Convenant tegen vastbinden patiënten
Het vastbinden van onrustige patiënten met een onrustband moet tot een minimum beperkt worden.
Dat is de strekking van een intentieverklaring die de Inspectie voor de Gezondheidszorg (IGZ) samen met brancheorganisaties, beroepsverenigingen en cliëntenorganisaties uit de gehandicaptenzorg en ouderenzorg dinsdag ondertekenden.De band wordt gebruikt om onrustige patiënten tegen zichzelf te beschermen, maar is niet zonder risico. Het gebruikmaken van een onrustband kan leiden tot verstikking, bijvoorbeeld doordat deze bij een tegenspartelende patiënt naar de borst kan verschuiven. Als patiënten overeind weten te komen en gaan lopen kan de band, als deze naar de benen afzakt, zorgen voor een valpartij.
Het afgelopen jaar deden zich acht van dergelijke calamiteiten voor; vier in verpleeg- en verzorgingshuizen, twee in de gehandicaptenzorg en twee in een ziekenhuis. Bij zeven ervan overleed een patiënt.
Volgens prof. J. Hamers, verbonden aan de Universiteit Maastricht, kan vastbinden van de patiënt leiden tot doorligwonden, incontinentie en depressiviteit. „Een ander gevolg is spierzwakte, waardoor een patiënt nog kwetsbaarder wordt”, benadrukte hij in een recent interview met deze krant. Verpleeghuizen moeten zich daarom bezinnen op het toepassen van vrijheidsbenemende maatregelen, vindt Hamers. „Er zijn tal van andere hulpmiddelen die mensen beschermen en toch hun vrijheid garanderen: extreem lage bedden, een matras op de grond, sensoren die een seintje geven als mensen gaan lopen, extra fysiotherapie, heupbeschermers of infraroodalarm.”

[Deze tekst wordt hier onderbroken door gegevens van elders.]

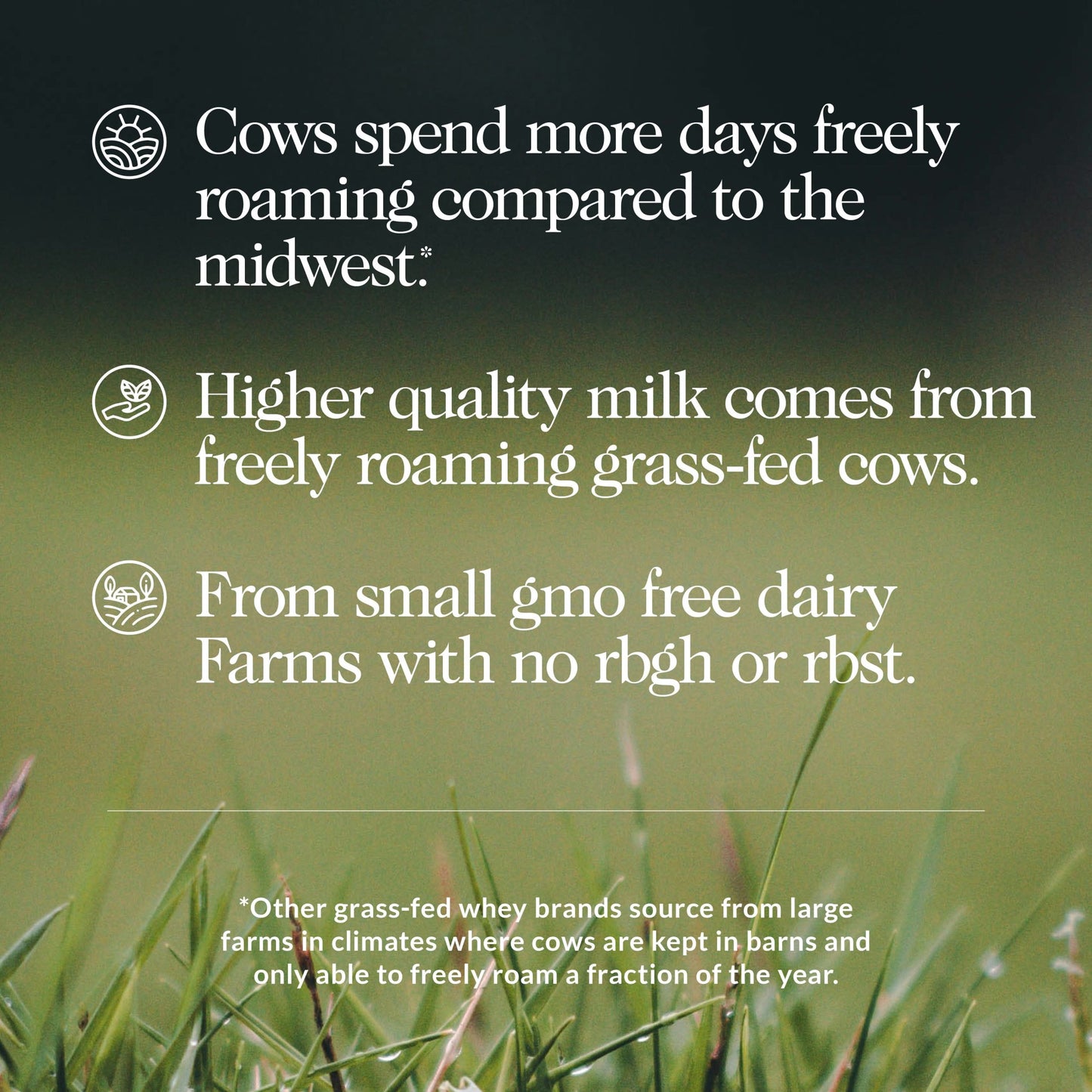 Vanilla Whey Protein Powder - Vanilla - Value Size with a Simple, Easy-Mix Protein Formula
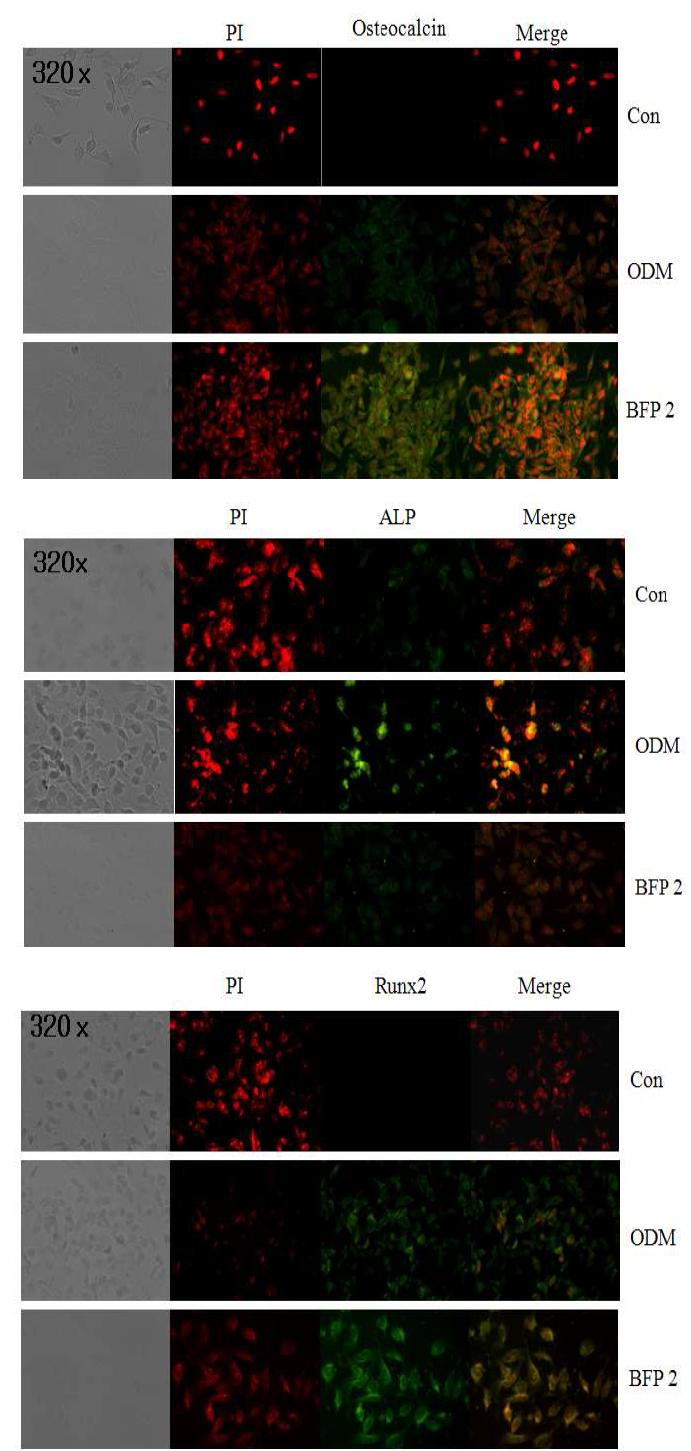 Bone forming peptide 2의 분화과정 동안 골아세포에서 골아세포 특정단백질 발현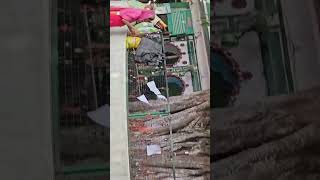 Sabir pak gular wala ped kaliyarsharifdargah mela viralvideo [upl. by Dodie]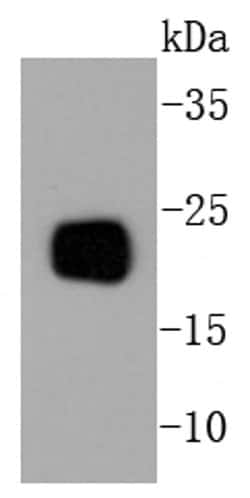 Invitrogen PEBP1 Recombinant Rabbit Monoclonal Antibody (SC58-09) 100 &mu;L;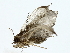  ( - BIOUG85256-F07)  @11 [ ] CreativeCommons - Attribution (2022) CBG Photography Group Centre for Biodiversity Genomics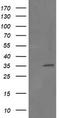 Replication Factor C Subunit 2 antibody, TA505033BM, Origene, Western Blot image 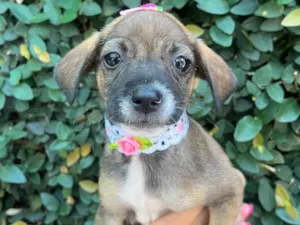 Cachorro raça SRD-ViraLata idade 2 a 6 meses nome Flyca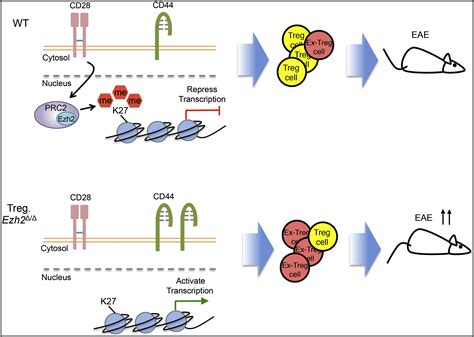 Ezh2 Lines Up The Chromatin In T Regulatory Cells Immunity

Uit onderzoek van de IGZ blijkt dat vrijheidsbeperking van patiënten te vaak voorkomt in de gezondheidszorg. De wet beschouwt het gebruik van dergelijke maatregelen als laatste redmiddel. De organisatie constateert dat hulpverleners hun handelen vaak niet als vrijheidsbeperkend zien. Sommige maatregelen zijn zo ingeburgerd dat medewerkers er niet bij stilstaan dat deze maatregelen de vrijheid van cliënten beperken. Dit geldt bijvoorbeeld voor het afsluiten van deuren op afdelingen of woningen, of het hanteren van een vast dagschema.